Organizers of the Rio 2016 Summer Olympic Games say they hope to avoid empty seats that have become problematic at the London 2012 Games. Leonardo Gryner, head of Brazil’s Olympic Committee, said Brazil would have “a better result than London”, but he said that filling all the venues would be a “huge challenge”.

He added, “we have a plan to tackle it by occupying space at the last minute with additional audiences”.

Gryner said Friday at London’s Somerset House, home to the Brazilian contingent during the Games, “it’s a challenge to control the presence of people in the arenas. They buy tickets or they get tickets and sometimes they don’t show up.

“We proposed a program call ‘Full Stadium” with ideas to always keep stadiums full and to create opportunities for the people around the arenas to get inside as soon as we realize that there are empty seats”.

Gryner said some of Rio’s venues may be smaller than their London counterparts so “we don’t build huge places that are hard to fill”.

The team is also monitoring how London’s transport system had coped during the Games and Gryner said they had learned some “beautiful lessons”.

Meanwhile, Rio’s mayor Eduardo Paes said everything was on course for the Games.

He said, “the challenge to both cities (London and Rio) is enormous.

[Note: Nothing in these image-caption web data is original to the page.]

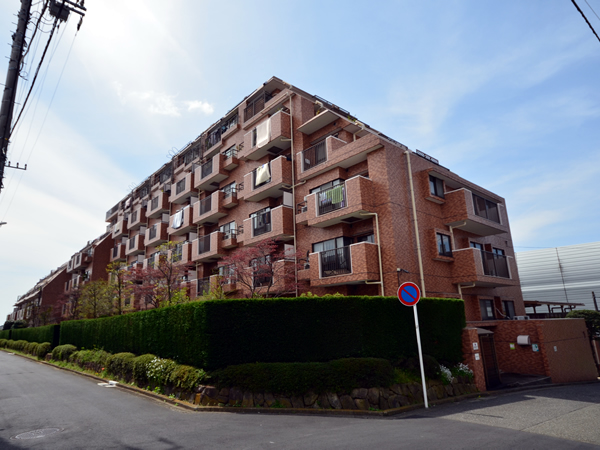 ソフトタウンたまプラーザの外観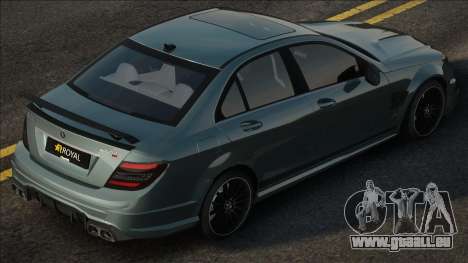 Mercedes-Benz C63 AMG Royal pour GTA San Andreas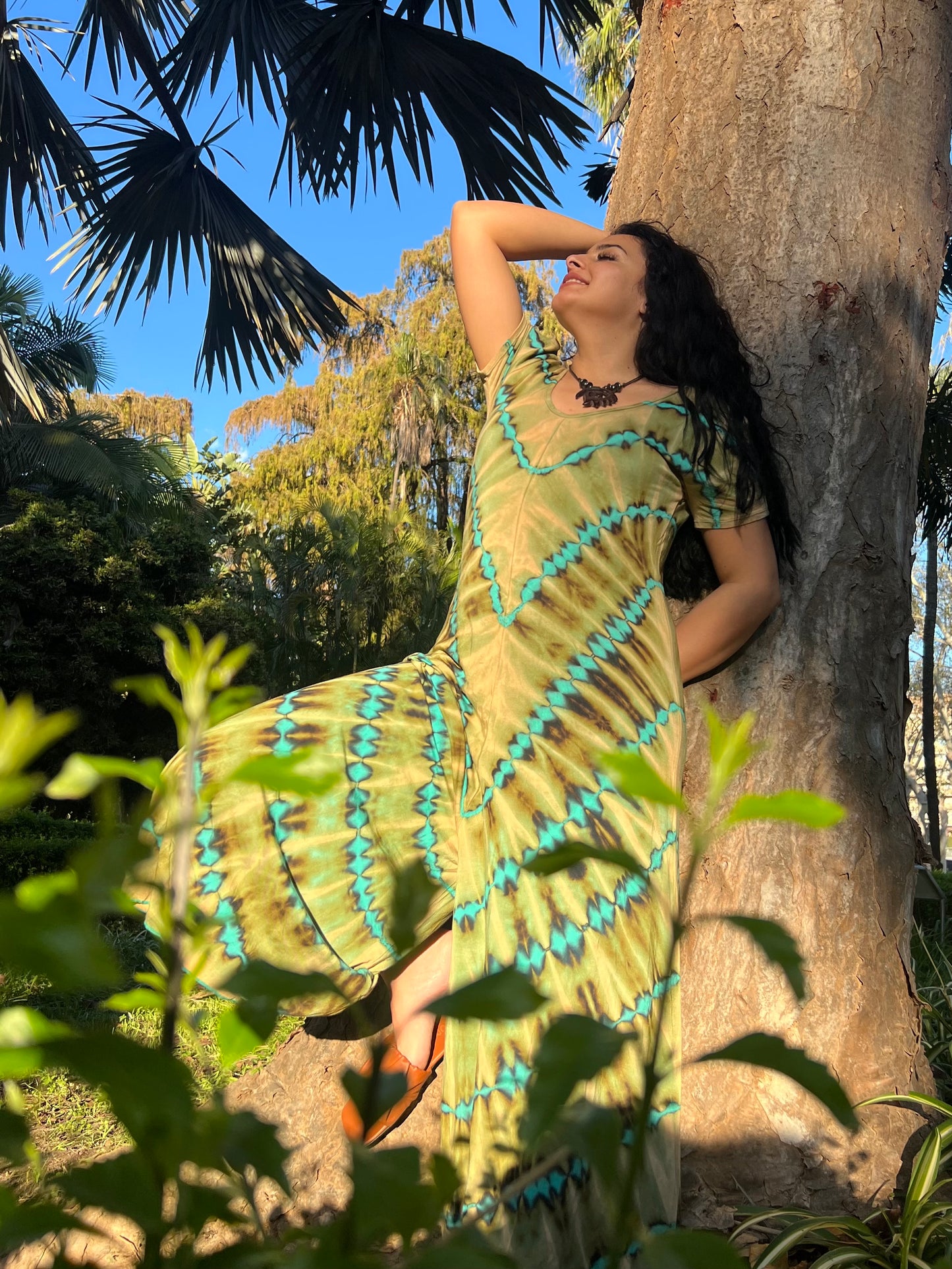 Mono Spandex teñido anudado.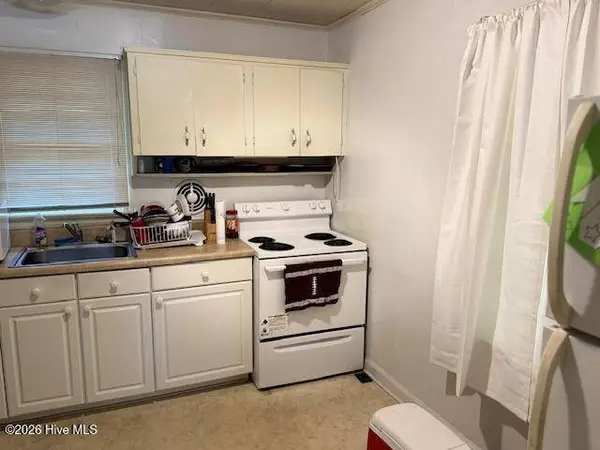 1657 W New York AVE, Southern Pines, NC 28387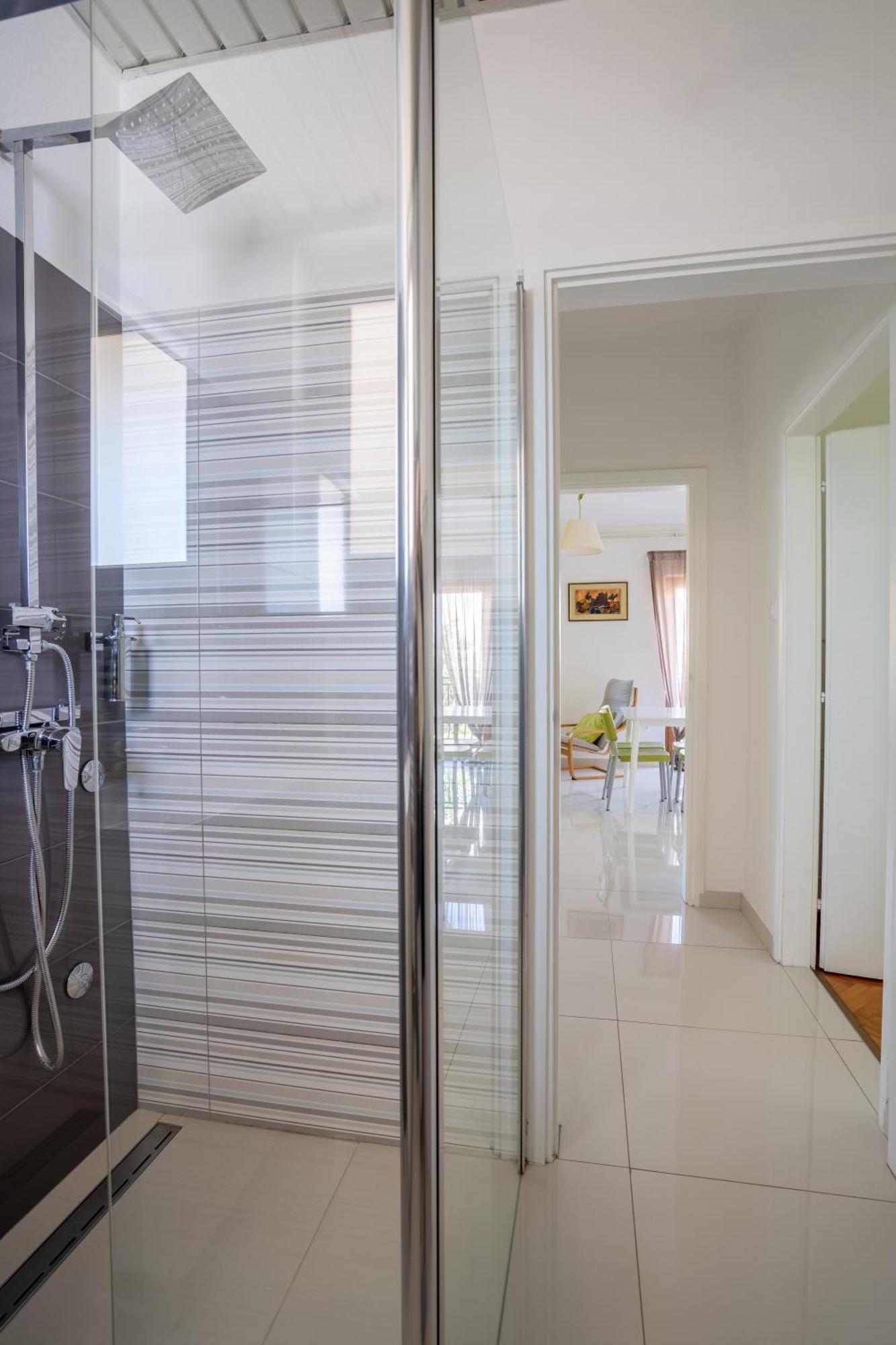 פורץ Apartments Maras מראה חיצוני תמונה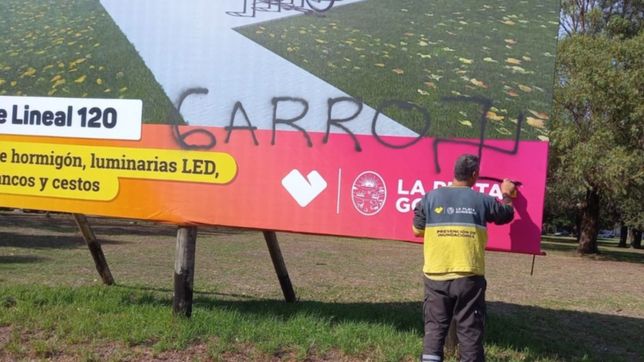 campana violenta en las calles de la plata: aparecieron pintadas con cruces esvasticas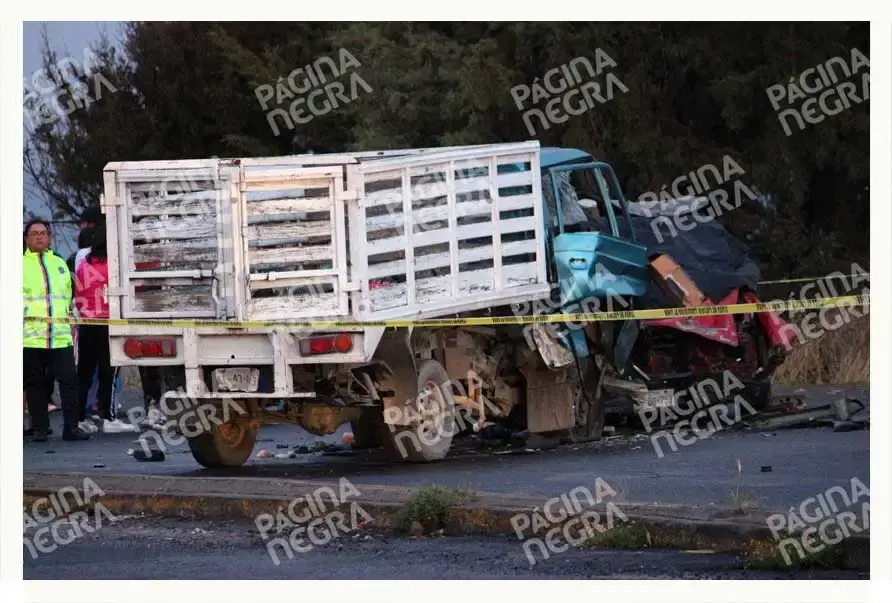Choque en la carretera a Valsequillo deja dos conductores prensados y uno muerto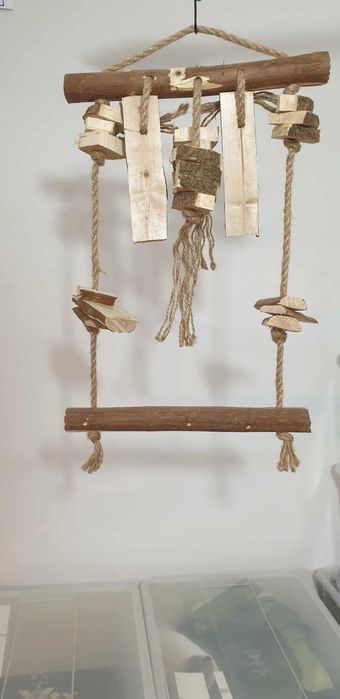 Zabawka dla papug ręcznie robiona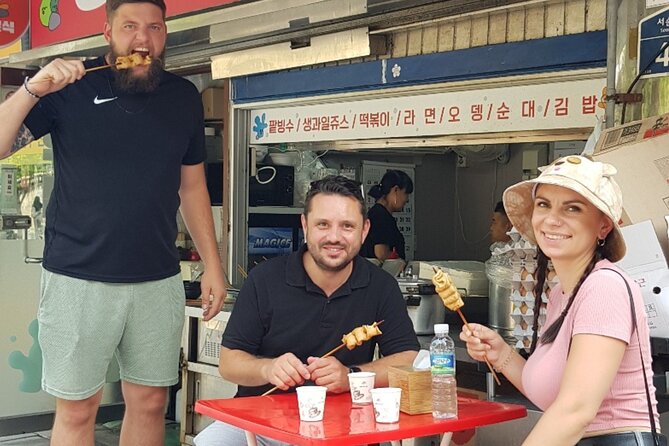 Gwangjang Market Netflix Food Walking Tour With Insadong - What to Expect on the Tour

Of course Rio de Janeiro has a more ample handful of infrastructure interventions from a sports equipment point of view, perhaps many things already ready, but the city’s infrastructure is surely more ample. But I want to reaffirm that all the projects we agreed on with the International Olympic Committee have already begun”.

Maria Silva Bastos Marques, president of Rio’s Municipal Olympic Company, said Rio has the potential to double its current number of hotel rooms, increasing it by at least 50 per cent.